Nuestras miradas se cruzaron apenas un instante. Y en ese cruce silencioso supe que el verdadero momento de mi mayoría de edad no tendría nada que ver con la promesa hecha a mi novio.
Las luces bajaron de intensidad y alguien empezó a corear desde el fondo:
—¡Faltan diez minutos para la medianoche!
Las voces se unieron en un murmullo creciente, y de pronto todos parecían pendientes del reloj. Yo me movía entre los grupos, recibiendo abrazos, escuchando felicitaciones anticipadas, sonriendo como si esa alegría fuera mía. Pero por dentro, la ansiedad me mordía como un animal hambriento.

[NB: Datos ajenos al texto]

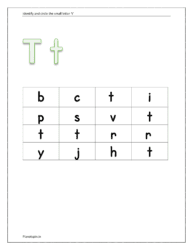 Identify and circle the small letter t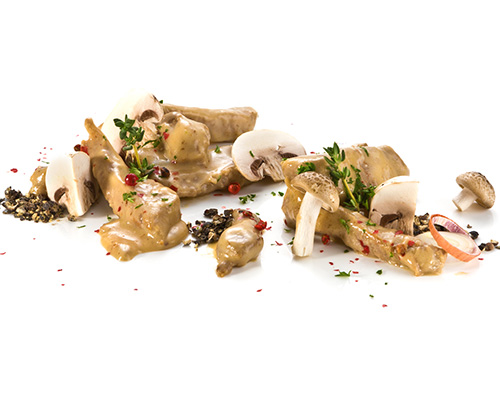 Kalbsrahmgulasch aus der Nuss, in Rahmsauce.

Mi novio me rodeaba la cintura, hablándome al oído.
—Nunca estuviste tan hermosa —dijo, con un brillo febril en la mirada.
Yo asentí en silencio, sin atreverme a decir nada más. La promesa se alzaba entre nosotros como un puente que sabía que nunca cruzaríamos.
La música subió de volumen. Los aplausos marcaban el paso del tiempo, cada vez más cerca de las doce. Y allí, en medio del bullicio, lo vi a él. Mi padrastro permanecía apoyado contra la pared, con los brazos cruzados, observando el salón con esa calma que imponía más que cualquier discurso. Cuando nuestras miradas se encontraron, sentí que mi respiración se detenía.
No temía a los minutos que quedaban. Temía al instante después de las campanadas, al momento en que tendría que enfrentar lo que llevaba guardando dentro de mí.
Al girar sobre mí misma para escapar de esos pensamientos, la vi a ella. Mi madre, recostada junto a la barra, una copa en la mano y los labios pintados con torpeza. Su mirada me atravesaba como un cuchillo: fría, envidiosa, cargada de un veneno que reconocí demasiado bien.
Sonrió de lado, y supe que esa sonrisa no auguraba nada bueno.
El reloj marcaba las once con cincuenta y cinco.
El salón entero celebraba. Yo, en cambio, solo podía pensar que lo peor estaba por comenzar.